Images are being constructed or recalled at the base of all mental activity. This activity is so primary and subtle however that it’s usually subconscious. But if we aim attention toward this level of mental activity, we can learn to see the image making activity consciously. If we are thinking about what we need to get done today, that list of objectives is made from images. We see ourselves sitting at the desk opening emails, driving to the grocery store etc. If we are thinking of what we want from the grocery store, we see the carton of orange juice and the bag of spinach, not the words on the sheet of paper. When we are remembering to call someone on the phone their face flashes for a moment across the screen of the mind, then we say “oh i need to call so and so”. And when we remember the phone number, if anyone even bothers with that anymore, it’s the image of the numbers that comes to mind in the pattern of dialing on the keypad, or the image of ourselves picking up the phone, thumbing through the contact list or the app to find their name.
If the mind is given to disgust, or fear, or some judgment that makes us feel bad, if we really slow down and pay attention, we’ll find a distorted image there. It’s an image of what we imagine could be or an image of something that has happened to us before. I remember when I was served brussel sprouts for the first time as an adult.
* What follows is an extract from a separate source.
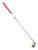 Used ODYSSEY 2 BALL Mens Putter RH 11889-S000034969 View 1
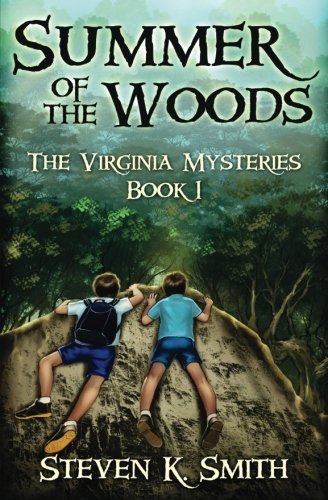 Steven K. Smith/Summer of the Woods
I was disgusted at first sight. I didn’t really know why. I just hated brussel sprouts. Later I remembered that when I was a child I had a terrible experience of being forced to eat boiled brussel sprouts. By the way, nobody should ever be forced to eat any boiled vegetables. They are lifeless and mushy with little nutrition left in them, but I had to stay at the table until they were gone. I spent hours at the table just staring at them. The image was burned so deep in my mind that even after I was grown, and lived on only vegetables, I still had this image lurking under the surface. Once I realized this image was seared in my subconsciousness distorting my experience of brussel sprouts I was able to release it. I love brussel sprouts now. It is an incredible little cabbage. Lightly steamed, roasted or chopped into a slaw, they are wonderful.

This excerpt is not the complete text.